> _RECORDS PROVIDED_

* * * *

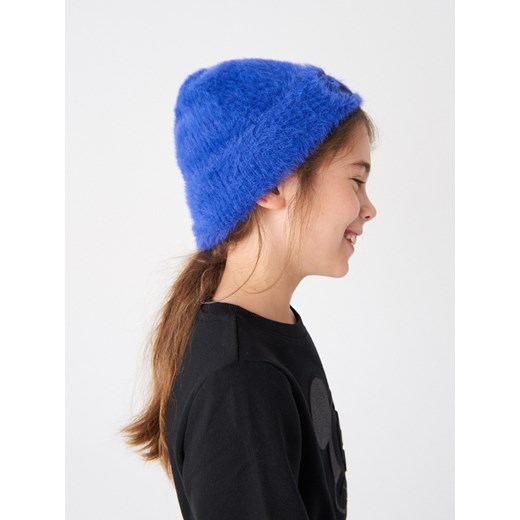 Reserved - Puszysta czapka z aplikacją - Niebieski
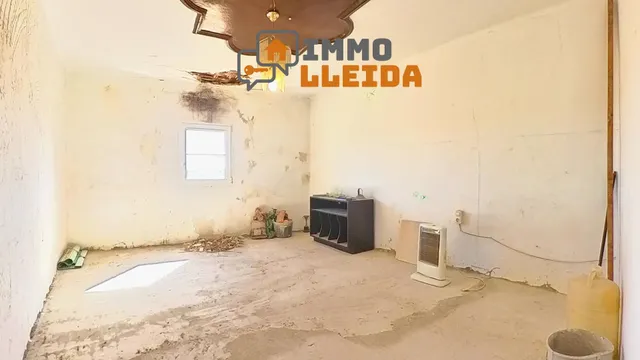 OPORTUNIDAD Casa en La Granadella con patio — 14
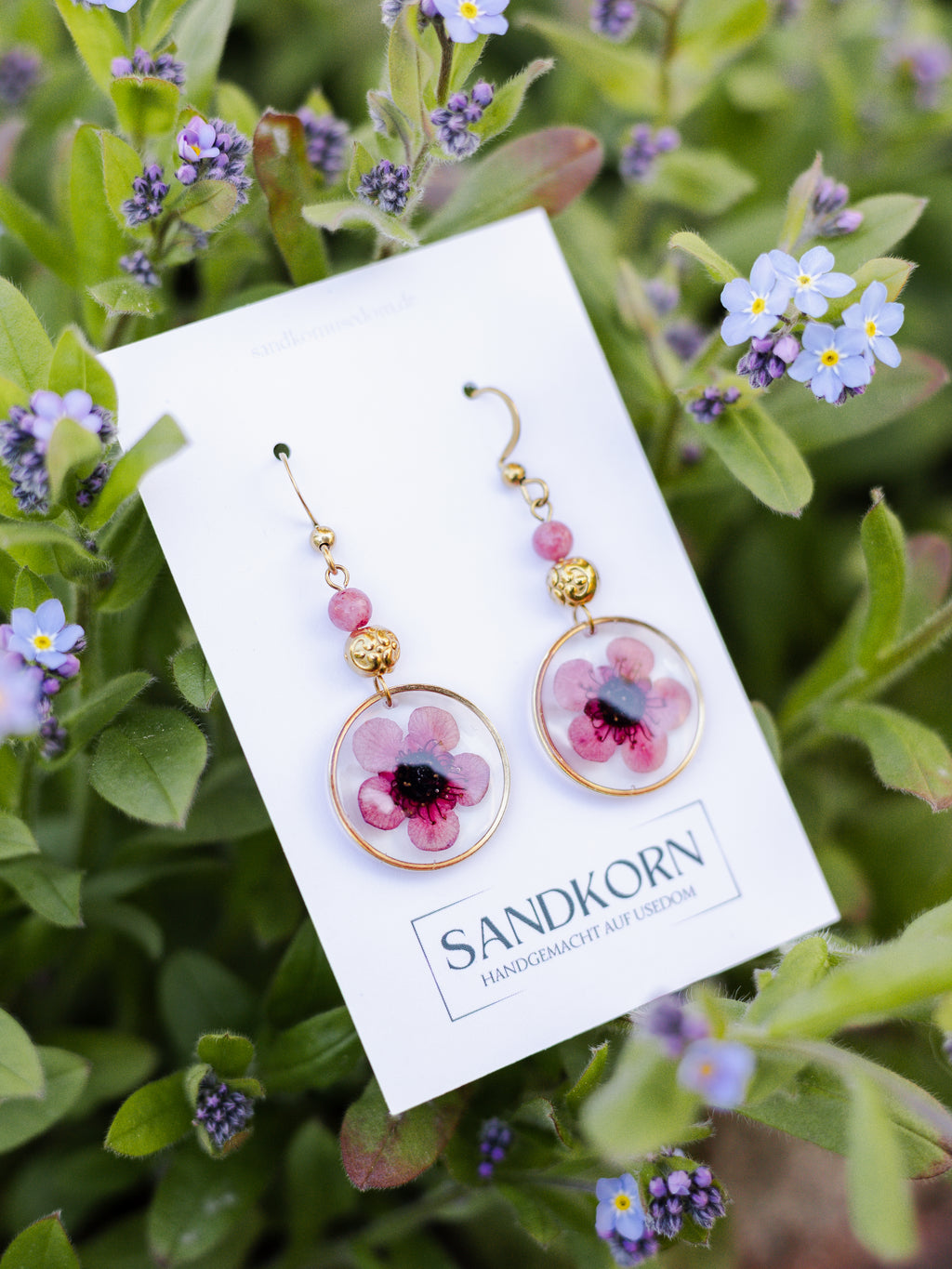 Ohrringe mit Manuka-Blüten und Jadeperlen - SANDKORN Usedom | Naturschmuck | Schmuck mit Pflanzen | Allergiefreundliche Ohrringe | Chirurgenstahl Ohrringe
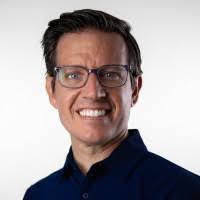 Aaron Robison's Instagram, Twitter & Facebook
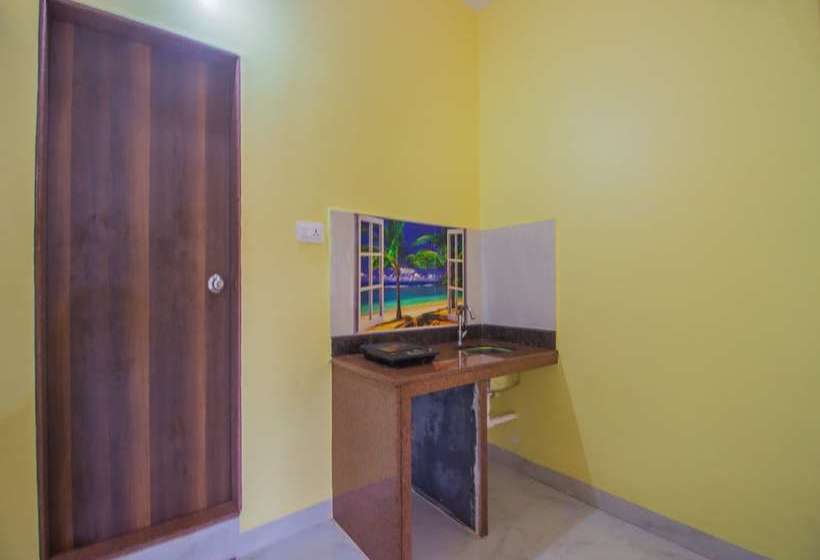 Hotel Oyo 16401 Home Colorful Studio Calangute Beach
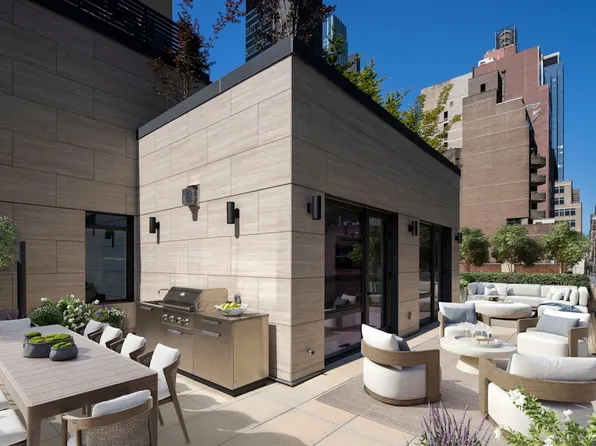 244 East 52nd Street image 1 of 22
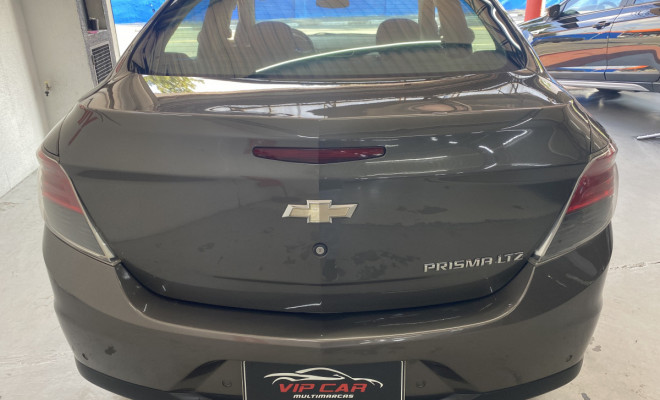 GM - Chevrolet PRISMA Sed. LTZ 1.4 8V FlexPower 4p Aut. 2015 Flex-4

* * * *

> _WHAT IS REQUIRED_
With the pictures excluded, retype exactly the lines from the one containing "Aaron Robison's Instagram, Twitter" through the last line of the listing, both ends included.

> _COMPLETED EXERCISE_
 Aaron Robison's Instagram, Twitter & Facebook
 Hotel Oyo 16401 Home Colorful Studio Calangute Beach
 244 East 52nd Street image 1 of 22
 GM - Chevrolet PRISMA Sed. LTZ 1.4 8V FlexPower 4p Aut. 2015 Flex-4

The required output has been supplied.